With the bottom totally done you can put your boat on a trailer now if you wish. Wheel it around as needed. Block it up steady when you work on the project.
Usually you can remove the temporary forms at this point.
With the boat upright and forms removed, you should add a fillet of thickened epoxy around all the interior joints like this:
I think these fillets are the most useful thing a fellow can do to improve the lifespan of his boat. They keep water from getting into the nooks and crannys and prevent water from seeping up the endgrain of the wood. They also make the boat a lot easier to clean. Epoxy is the stuff to use here. In my experience materials like auto body filler and RTV aren't suitable.
Trial fit your decks, mark the plywood to shape and cut it out.
Before you install the decks consider whether to first paint the interior of the hull.
Hatches in decks can be installed now. Cut the hatch opening in the deck plywood and frame the opening with lumber coamings. I try to interlock the ends of the coamings like this:
There will be some decks that may need to be removed in the future. In those cases you probably should secure them to the hull with screws and a sealing caulk. Latex caulk is usually what I use since RTV sealants can be so adhesive that they will prevent removal of the deck - you will have to cut it away.
Most decks can be installed with nails and glue.
There is one trick to installing decks in cuddy cabins that I want to show. On many designs the deck "clamp", which is the piece of lumber that connects the deck to the hull, curves around the front of the boat and ends abruptly at a bulkhead, where the sides and wales continue in a smooth curve to the stern. If you were to install the clamp in the usual way and end it aburpty at the bulkhead as shown on the plans, you would find that it doesn't want to take the same curve as the sides! What has worked very well to correct the situation is to extend the clamps past well past the bulkhead into thin air, and then spring those ends inward with a cross stick. Like this:
Keep the clamp extensions and stick in place until the cabin decks are shaped and nailed in place. That will hold the clamps in shape and you can then trim them to final length.
...We continue building a hull.
LIGHT ROWBOAT, 15' X 4', 70 POUNDS EMPTY
Sportdory is an attempt to improve upon the Bolger/Payson dory I built about 15 years ago. This boat is slightly smaller than my old dory. In particular the bow is lower in hopes of cutting windage. the stern is mostly similar. The center cross section is about identical. This boat has slightly more rocker than the original Bolger dory.

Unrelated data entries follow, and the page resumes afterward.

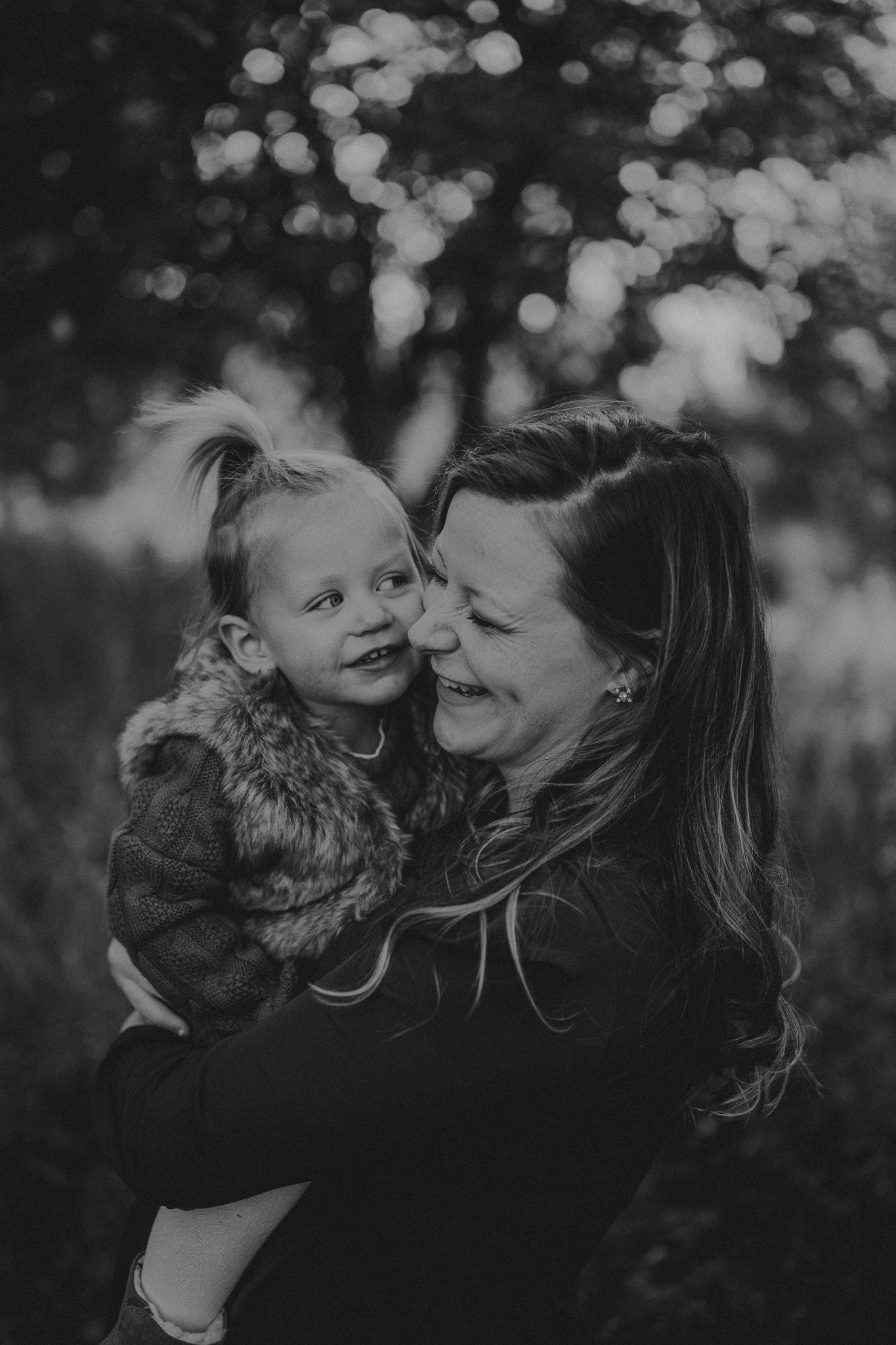 Intimate black and white portrait capturing a joyful moment outdoors with bokeh background.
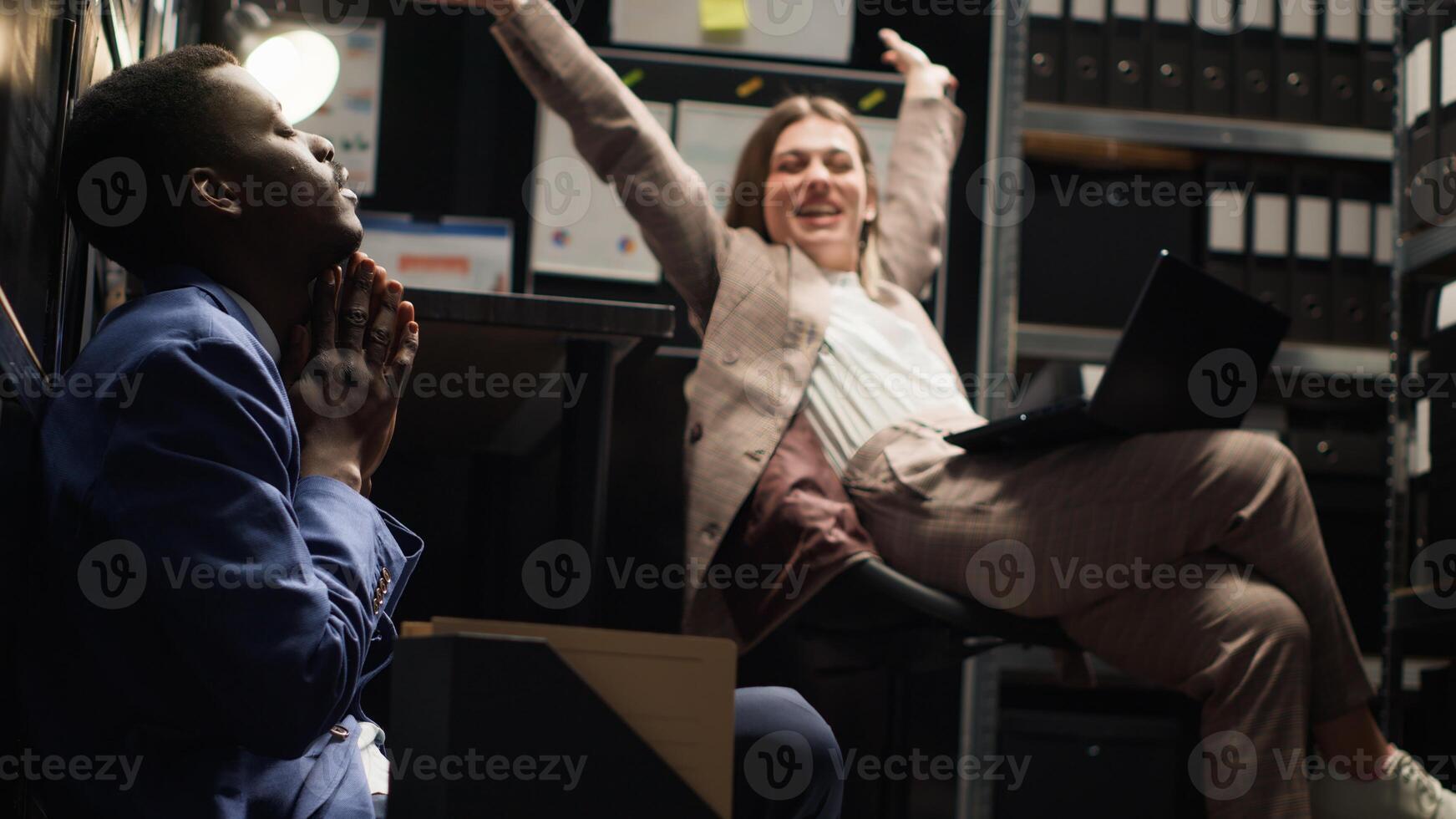Diverse team of exhausted private investigators in incident room analyze evidence, review files, and conduct research to solve case. Two detectives feeling tired about criminal investigation reports. photo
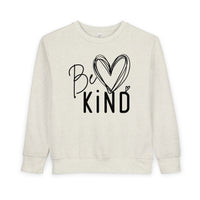 Be Kind Toddler Crew: Cream crewneck sweatshirt featuring 'Be Kind' design with heart graphic, offering warmth and comfort for toddlers.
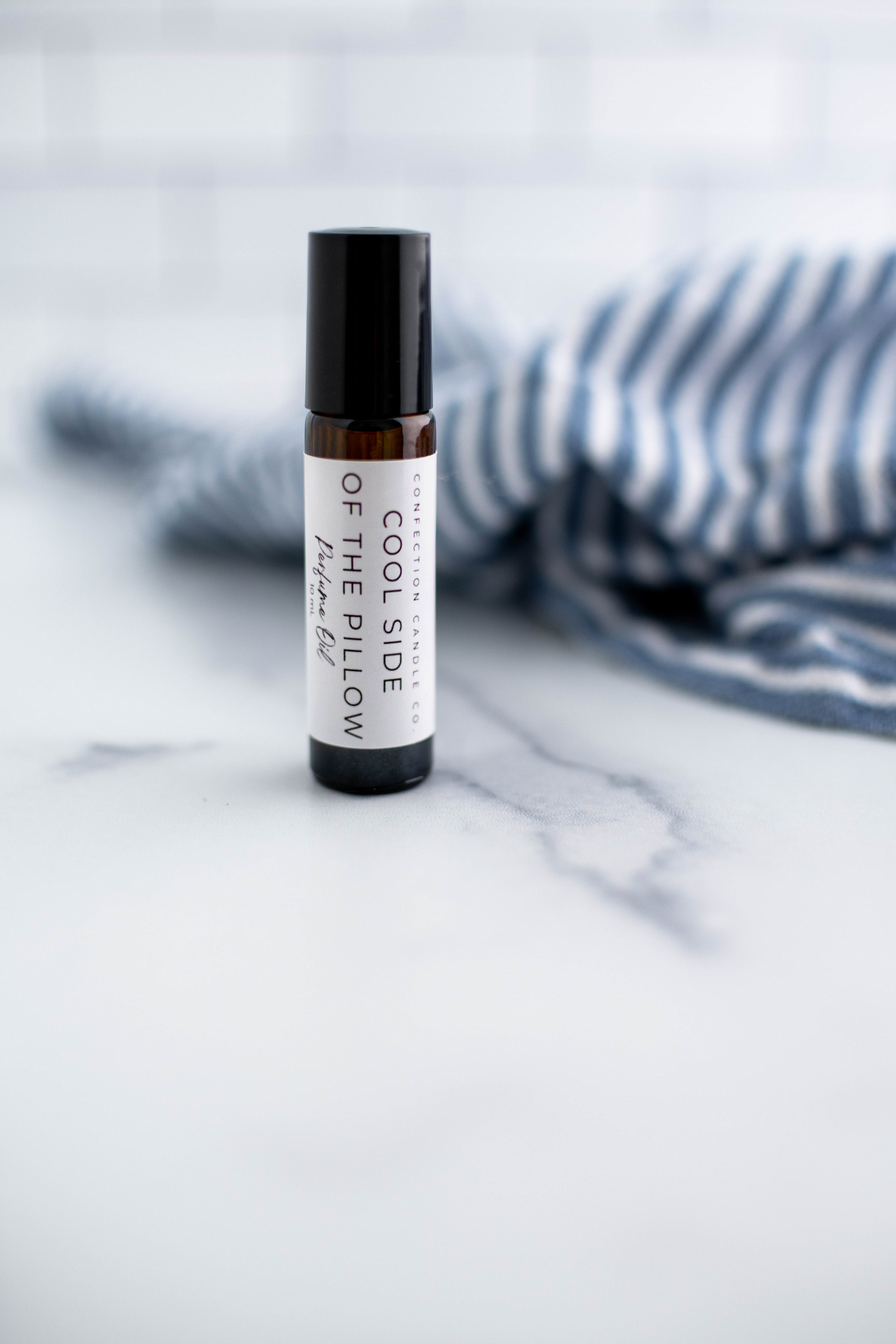 Amber glass roller bottle in the fragrance Cool Side of the Pillow.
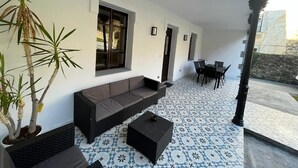 Un espace extérieur abrité comprenant un canapé, des fauteuils et une table. On y trouve également des plantes en pot et un sol carrelé.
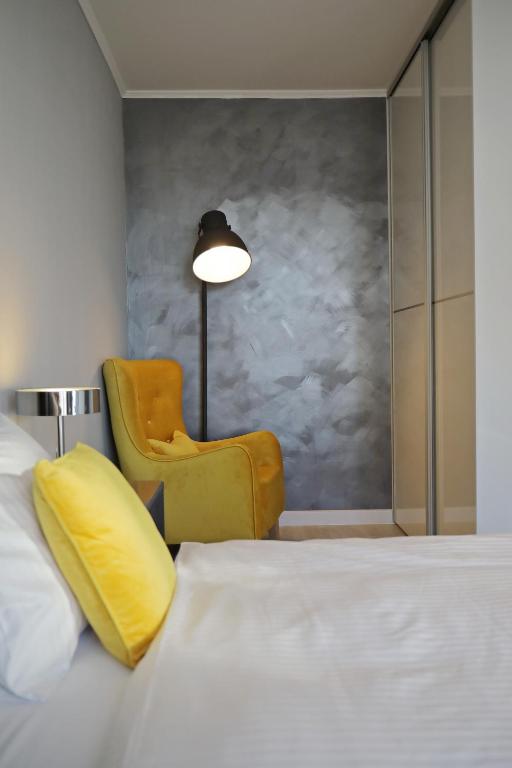 Posteľ alebo postele v izbe v ubytovaní City Marine Luxury Apartments
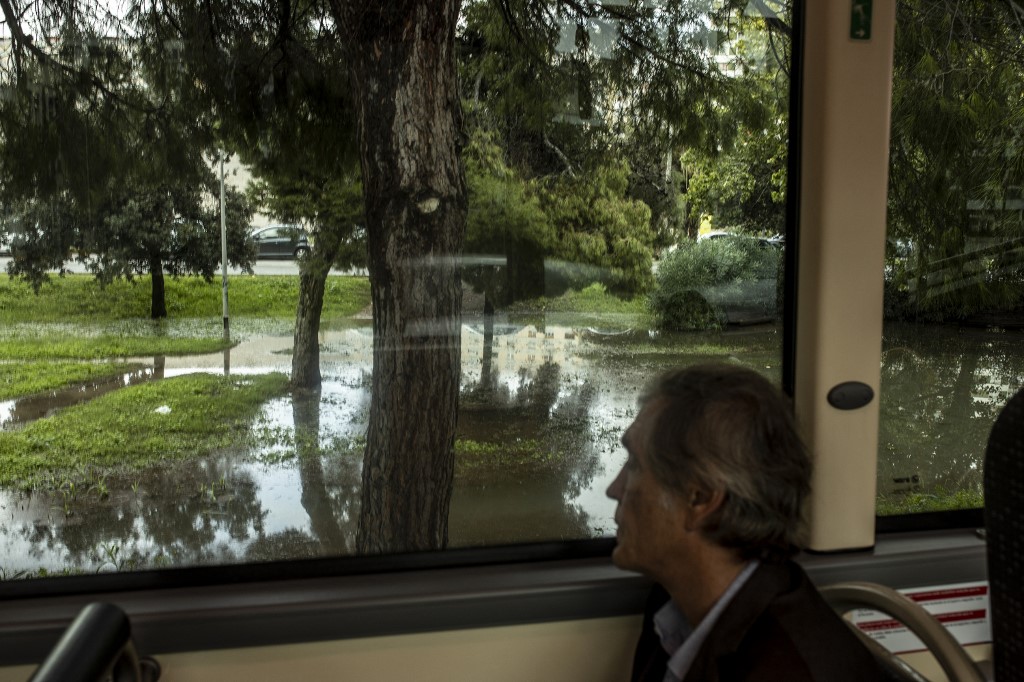 Idős férfi ül az ablaknál és nézi az elárasztott utcát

The hull is quite simple and light, taped seam from three sheets of 1/4" plywood, totally open with no frames. The wales are doubled 3/4" x 1-1/2" pieces to avoid the wale flexing my first boat had. I've added an aft brace to stiffen it up and give the passenger a back rest.
Mine once covered 16 statue miles in four hours. In rough water you will feel the waves are about to come on board but they won't. But if you try to stand up in one it will throw you out with no prayer of reentry.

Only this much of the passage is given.